La fête des Rameaux invite les croyants à ne pas être dupes des pouvoirs auxquels ils sont soumis. La liturgie du jour commence par l’évocation d’un événement étrange ; à l’époque romaine, un général victorieux faisait une entrée triomphale dans la Ville. Des chars s’avançaient remplis des richesses acquises sur l’ennemi et la foule acclamait le vainqueur porté sur un char tiré par quatre chevaux. On dirait que l’arrivée de Jésus à Jérusalem est une manière de caricaturer et de mépriser un pouvoir dominateur de cette espèce. Curieux roi que ce provincial monté sur un ânon, entouré par des gosses qui crient ; ils étalent des haillons sur le sol en guise de tapis et agitent en braillant quelques branchages arrachés aux arbres du chemin. C’est le prélude au mystère de la Croix. On commence à avoir de quoi se moquer.

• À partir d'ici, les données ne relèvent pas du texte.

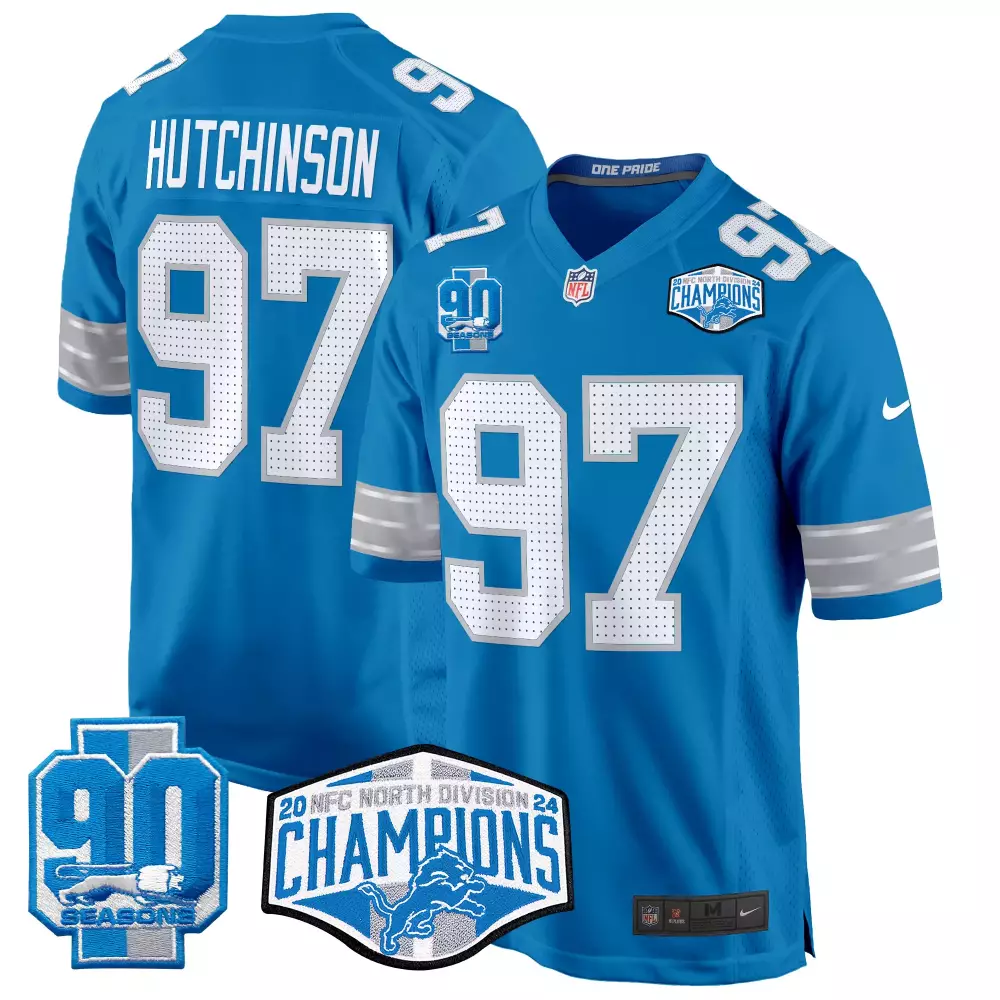 Hutchinson Division 97 Jersey Blue NFC North Champions Detroit Lions 90 Seasons 2024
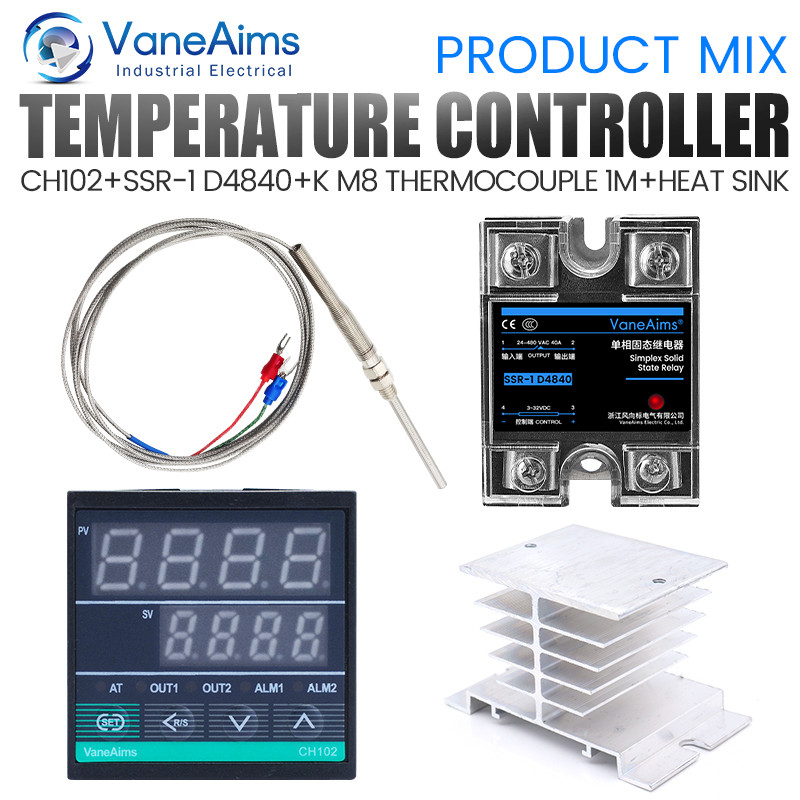 PID Temperature Controller CH102 gital Thermostat for 220V+ 1m K type Thermocouple Probe Sensor M8 +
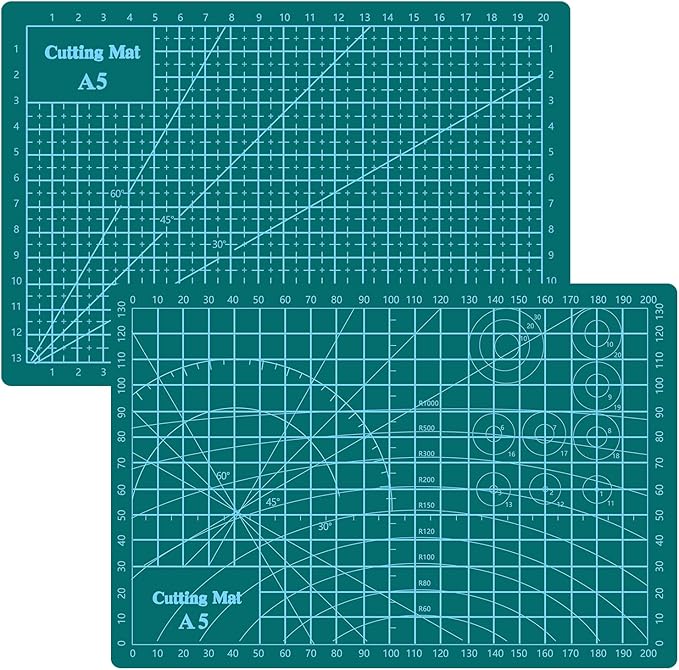 2 Pack Large Self Healing Cutting Mat Double-Sided for Sewing, Quilting - 6 x 8.8inch Rotary Cutting Mat Surface, Portable Craft Mat Ideal for Fabric, Paper, Scrapbooking(Green)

Il est peu probable que beaucoup de lecteurs de cette homélie soient au nombre des grands de ce monde. Il est vraisemblable, en revanche, que beaucoup aient quelque responsabilité : le chef d’entreprise par rapport à ses employés, le maître par rapport à ses élèves, le médecin par rapport à ses patients, les parents par rapport à leurs enfants, l’officier ou le sous-officier par rapport à ses subordonnés, les conjoints l’un par rapport à l’autre. Que tous, et en particulier ceux et celles qui disposent d’un pouvoir important, prennent garde : leur dignité ne vient pas des charges qui leur sont confiées, mais de leur pauvreté. Les honneurs auxquels ils ont sans doute droit ne doivent pas masquer leur faiblesse : elle nous fait entrer dans le mystère de Dieu. Devant Jésus ridiculisé aux yeux de tout Israël, aux dires de l’Évangile de Jean, Pilate aurait dit « voici l’Homme ». Cet homme, comme on le comprend souvent, n’est pas l’individu de Nazareth, mais l’ensemble de l’humanité. Pascal a su le faire entendre : en chacun de ses membres, fussent-ils rois, couve cette misère fondamentale qui donne chair au Fils de Dieu.